It seems that a lot f the issues the author has they can fix by moving over to OpenBSD. I'd be curious to hear what makes them stick with FreeBSD instead considering the complaint.
OpenBSD man pages and FAQ are really good too.
LLVM is not in the base install, but you can install clang from ports and build a program if you need to.
I agree with pledge() and arc4random(). They are both ridiculously easy to use. FreeBSD has Capsicum but it doesn't seem to be integrated.
Oh, and FreeBSD has DTrace. Judging from some recent commits it looks like OpenBSD is going to get some sort of tracing framework.
It's unfortunate that Shawn and Oliver decided, after failing to upstream their ASLR patches, to make HardenedBSD a full fork. I wish they would reconsider, because Konstantin Belusov has begun an upstream from scratch implementation of ASLR. But HardenedBSD is so much more than just ASLR and for a network facing OS it's crucial to have as many layers of mitigation as possible. Jails with Capsicum and ZFS are so promising already.
And let's not forget that OpenBSD doesn't make use of modern hardware as well as Linux and FreeBSD or DragonflyBSD. SMP incompleteness is one of the issues.
As with all things in computer science, there haven been successful implementations of anything that we see as unsolvable in a Unix-derivative. It's sad that so little of even non-research results has been incorporated into mainstream operating systems. I'm sure nickpsecurity can expand on this in detail, but let's just say Burroughs, VMS, Eros, L4 are all things that come to minds as ancient production quality software which solved issues fundamentally. For a newer strain have a look at Barrelfish.
OpenBSD supports multiple cores fine as far as userland goes. If you have 8 cores and start 20 userland processes, they'll be scheduled on all 8 cores. But yes, the kernel itself is not as fine-grain multithreaded as some others. Whether that matters depends on whether waiting on the kernel turns out to be a bottleneck for your workload.
It might be ok for compute-only tasks that spread calculations over threads or processes in userland, but anything involving input/outpout (e.g. networking) will block.
Not at all, SMP opens a huge can of worms both for userland and kernel security. Suddenly you have all sorts of weird race conditions to deal with and in some kernels (cough XNU) logic bugs that stem directly from how kernel subsystems interact with threads. I don't blame OpenBSD for not going down that route.

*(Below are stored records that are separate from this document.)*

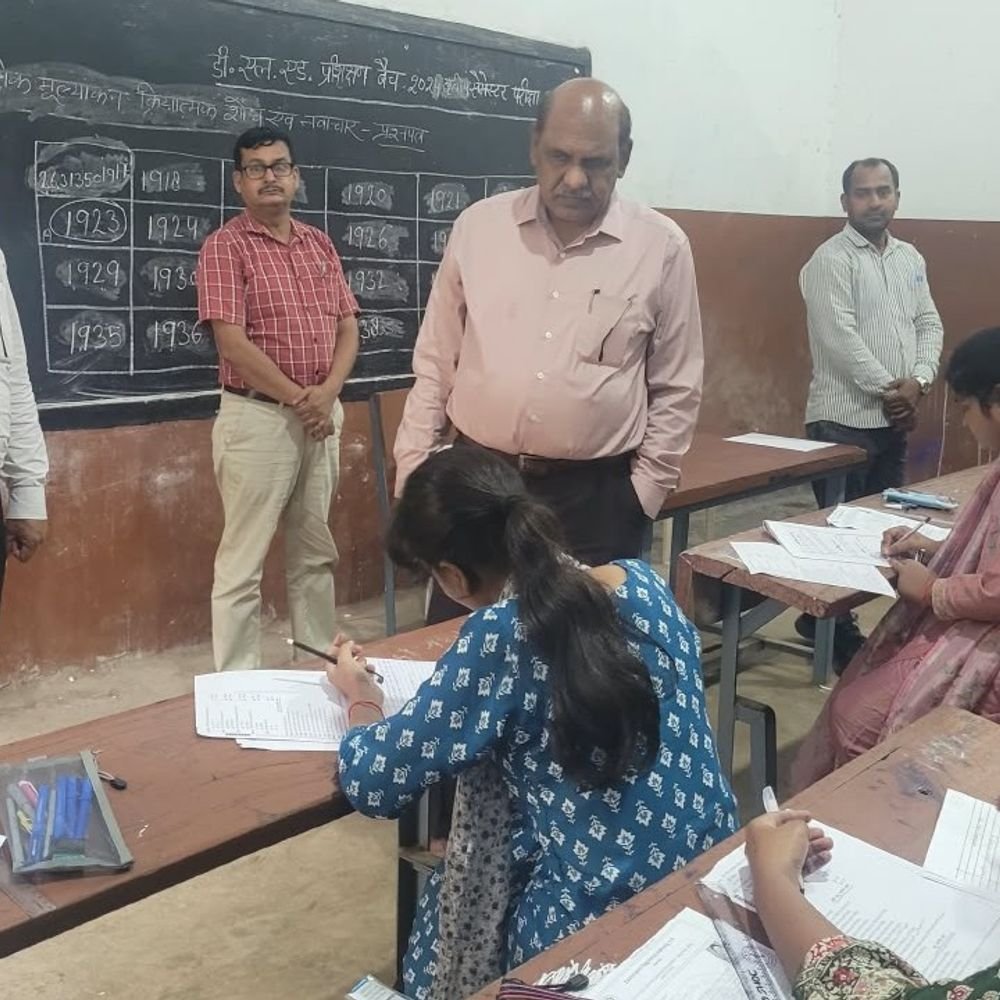यूपी डीएलएड तृतीय सेमेस्टर की परीक्षा शुरू:पहले दिन 96 प्रतिशत से ज्यादा उपस्थिति, 426 केंद्रों पर 26 सितंबर तक चलेगी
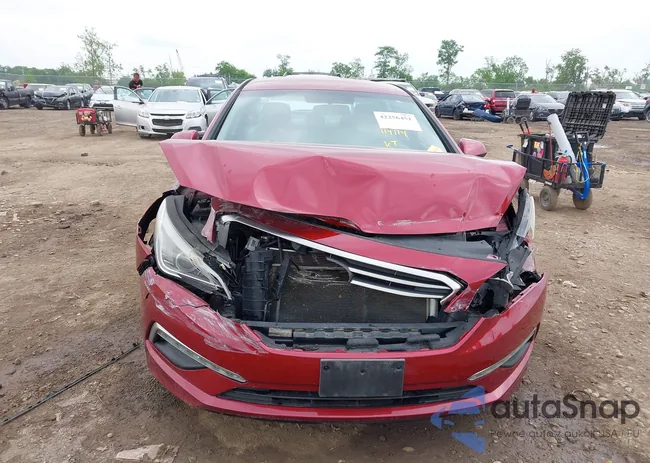 5NPE24AF9FH010533: 42256451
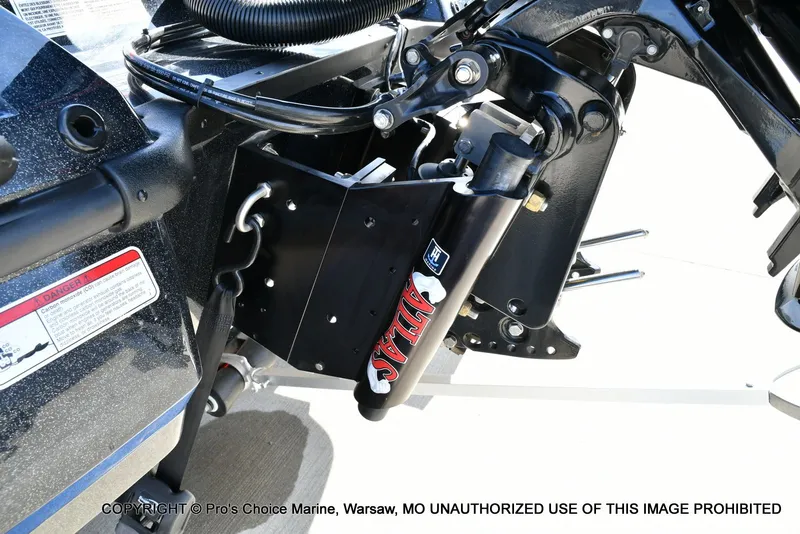 Slide: The Image of Close-up of 2025 Nitro Z21 XL Pro Dual Console boat mechanism. - 10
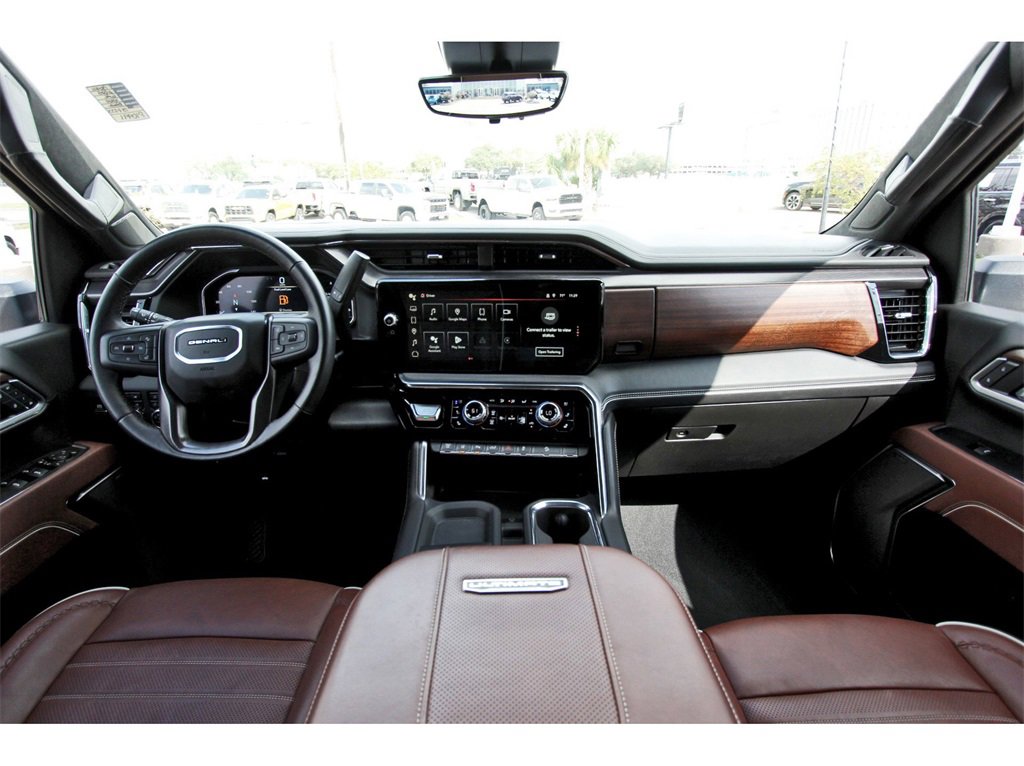 Used 2025 GMC Sierra 3500 Denali Ultimate image 7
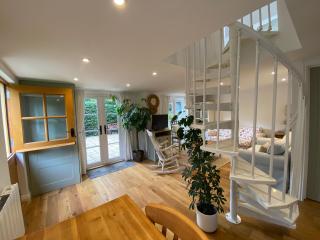Candlewick Cottage - - 5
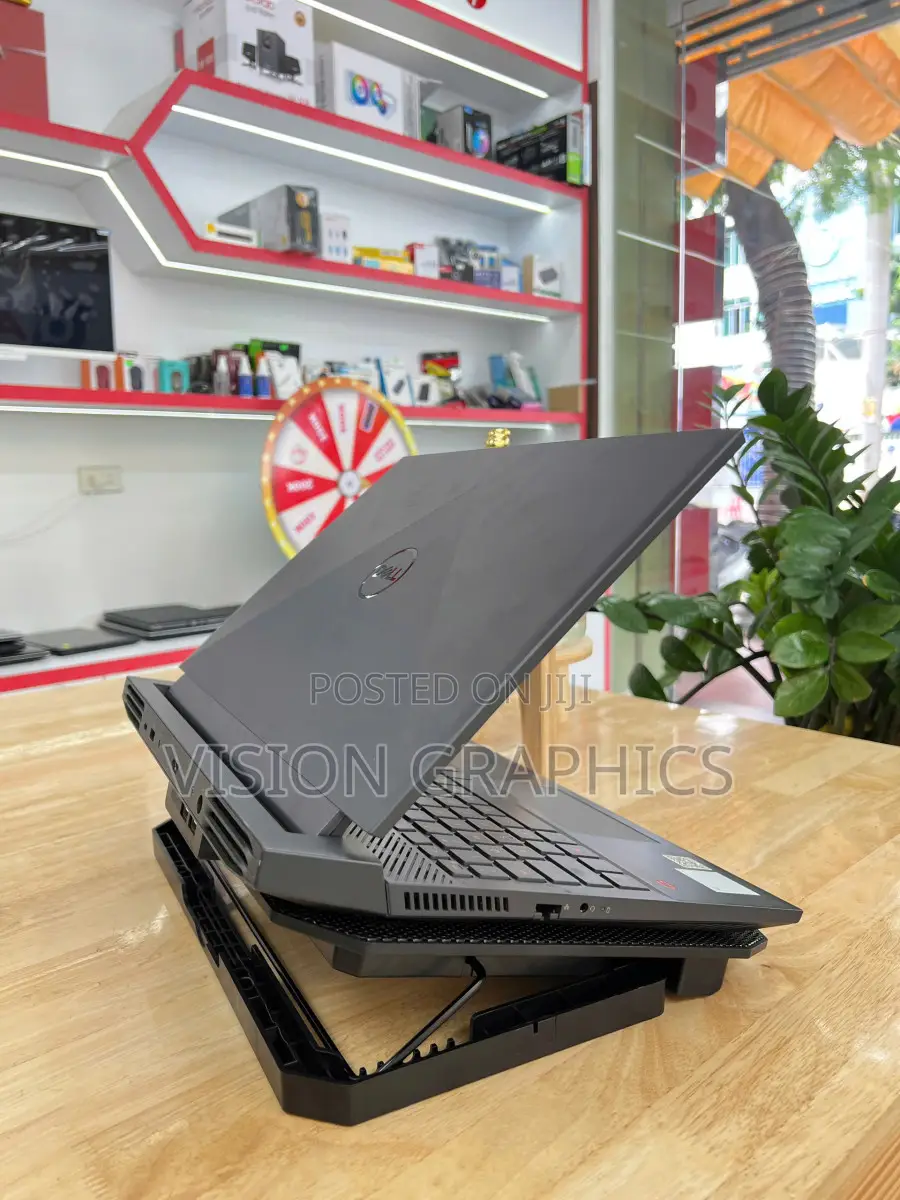 Laptop Dell G15 5520 16GB Intel Core i9 SSD 1T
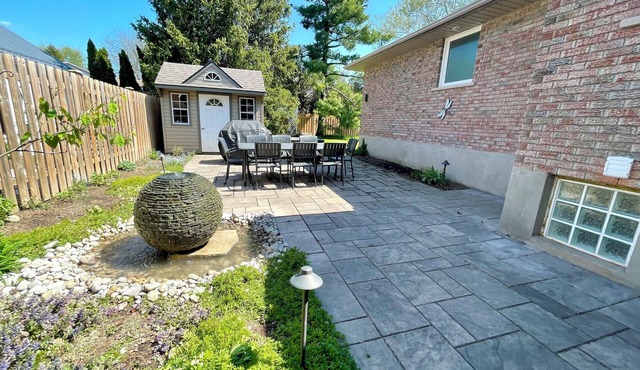 Private Suite, Patio & Yard. Walk to University of Guelph.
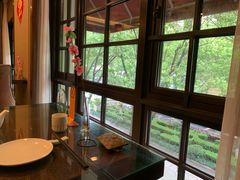 靠窗位-知味观(翡翠城店)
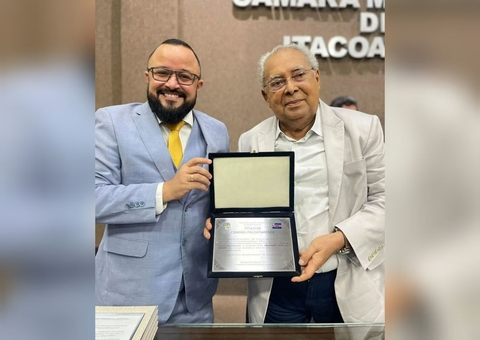 Amazonino Mendes recebe título de Cidadão Itacoatiarense 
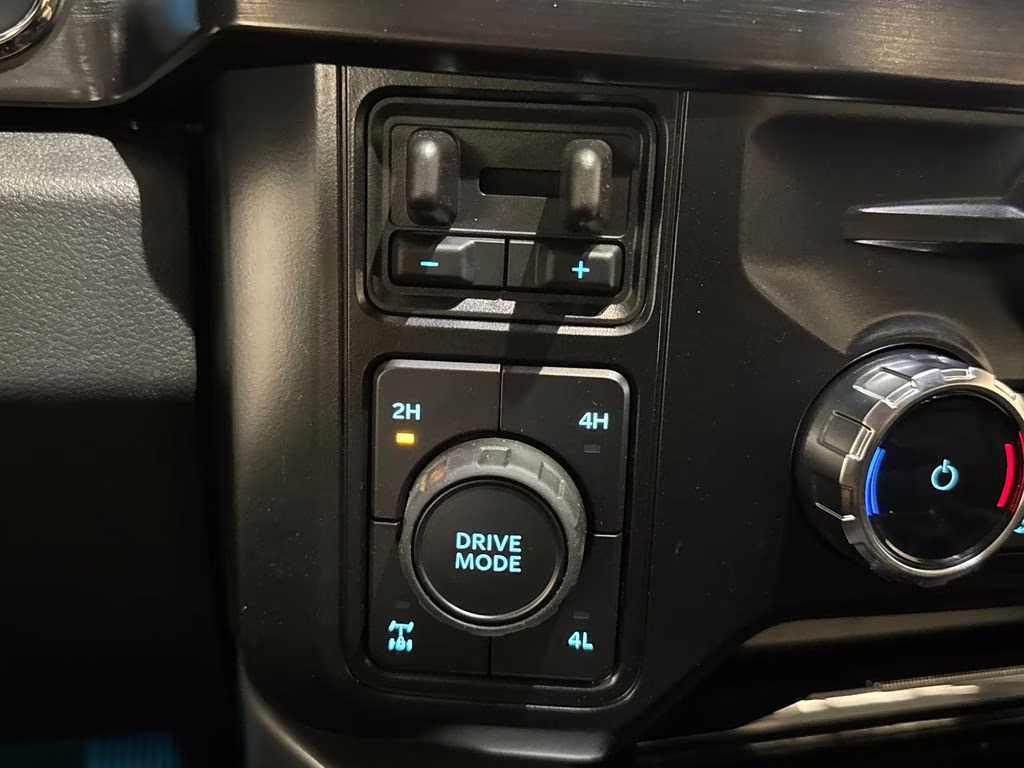 2026 Agate Black Metallic Ford Super Duty F-250 SRW Lariat 4X4 Truck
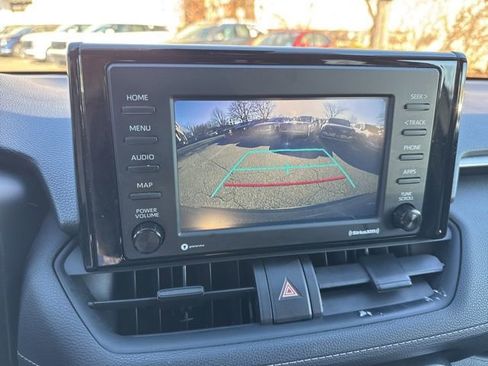 Used 2020 Toyota RAV4 XLE image 11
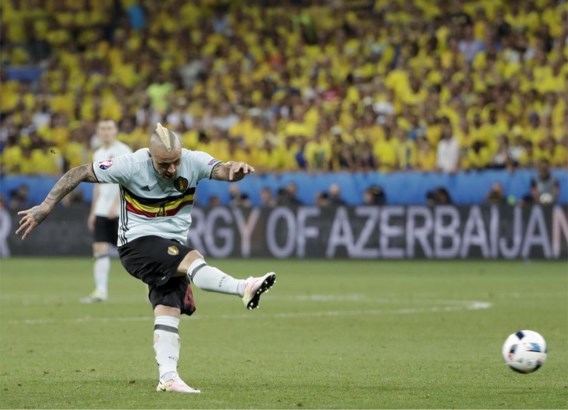 Radja Nainggolan breekt de ban met een knap afstandsschot. De Rode Duivels stoten door naar de achtste finales, waarin ze het opnemen tegen Hongarije.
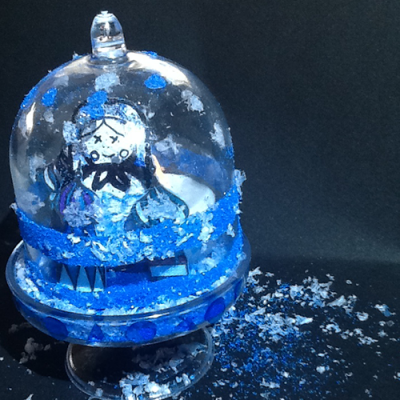 Décorer sa maison avec une mini cloche sous verre inspirée des décorations russes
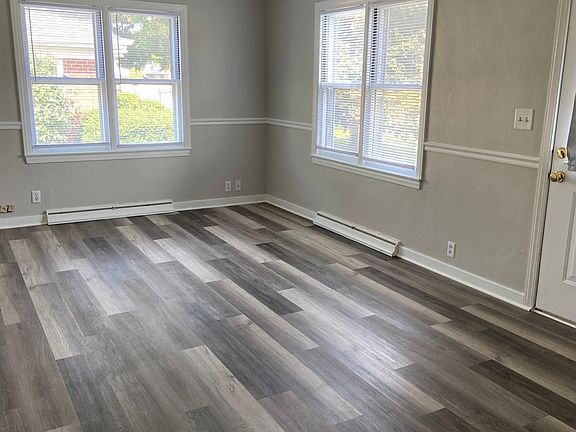 2nd image of 836 Napier Ave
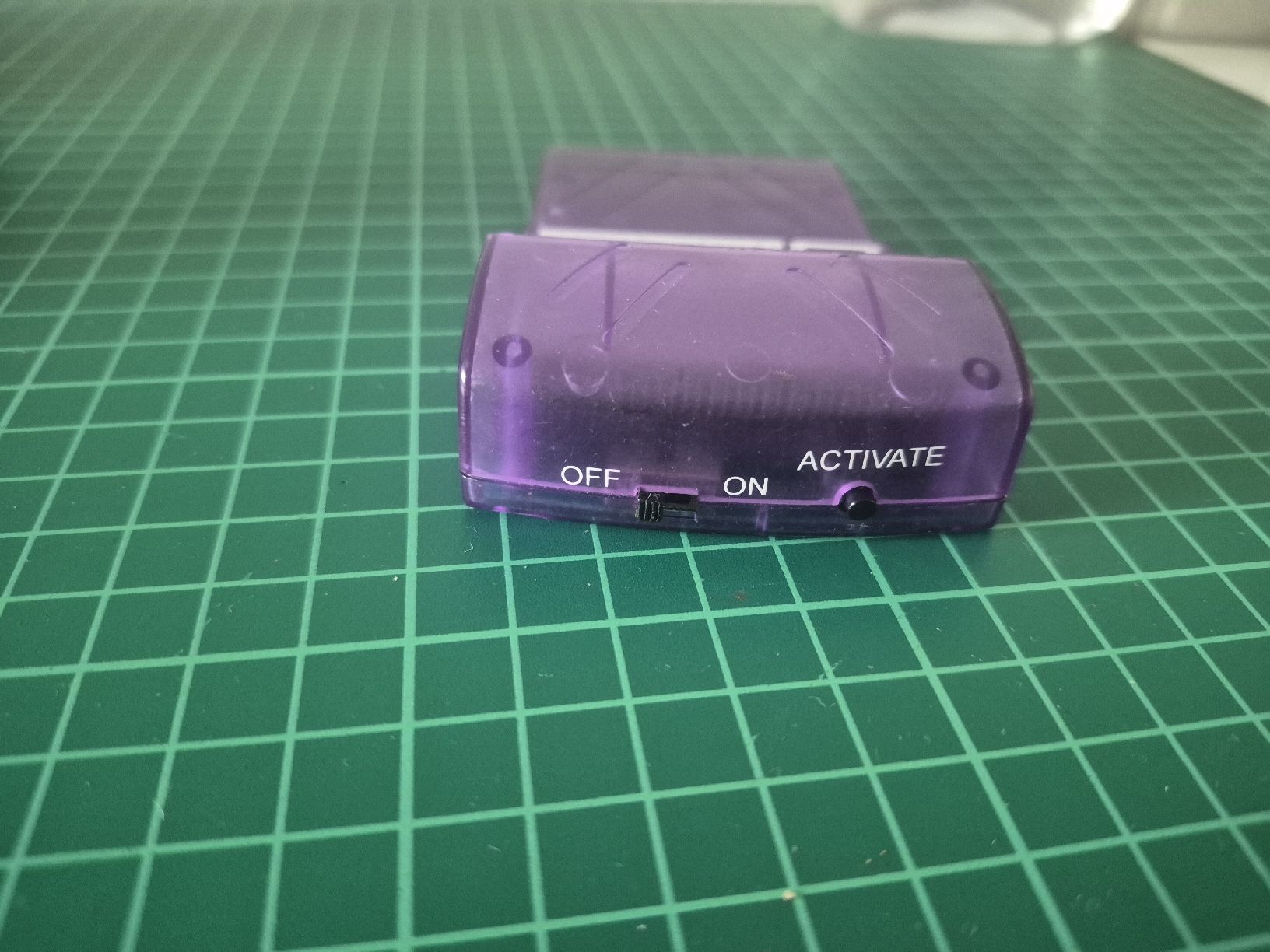 Nintendo Giochi: Cheat Cartridge Blaze Xploder Game Boy purple used – Usato da Meyrin venduto da Retro-GZ 2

Which is why DragonflyBSD was forked during the disagreement on FreeBSD's SMPng. Matt implemented more of a message passing system instead and Sepherosa Ziehau made all kinds of improvements to share as little as possible between cores and thus enable higher scalability in particular for networking.
Jails are a mechanism, not the mechanism. OpenBSD has chroot for most of the same use cases. Virtualization is long overdue but it's coming. ZFS is not my kink but I get it why people want it. Having worked on CoW file system for three years I came to the conclusion that its perceived appeal is what sells it, but use cases are very few (if any) without system-wide control service. :)
Virtualization for amd64 and i386 is in progress. Rapid development is taking place on vmm/vmd. There is a port of dragonfly hammer fs which is less rapid.
I use FreeBSD for a fileserver because it has rock solid ZFS support. At least at the time I set it up (I haven't looked recently), neither OpenBSD nor Linux supported ZFS nearly as well.
In terms of tool/system integration FreeBSD's ZFS is miles ahead of ZFSoL and this is unlikely to ever change. FreeBSD has its own userland that does not need to run anywhere else; updating it to integrate new kernel capabilities is comparatively easy.
This can simply not happen for ZFSoL in the same way, since it would split this integration over a myriad of projects and then still require a distribution to make all the right choices.
With regards to OpenBSD, I think it was at the last EuroBSDCon in Stockholm during Henning's talk when he said that "ZFS was not the solution" or something to that effect. Quite rich, I thought, coming from a platform where software-mirroring and disk encryption is an either-or decision (at least was at the time).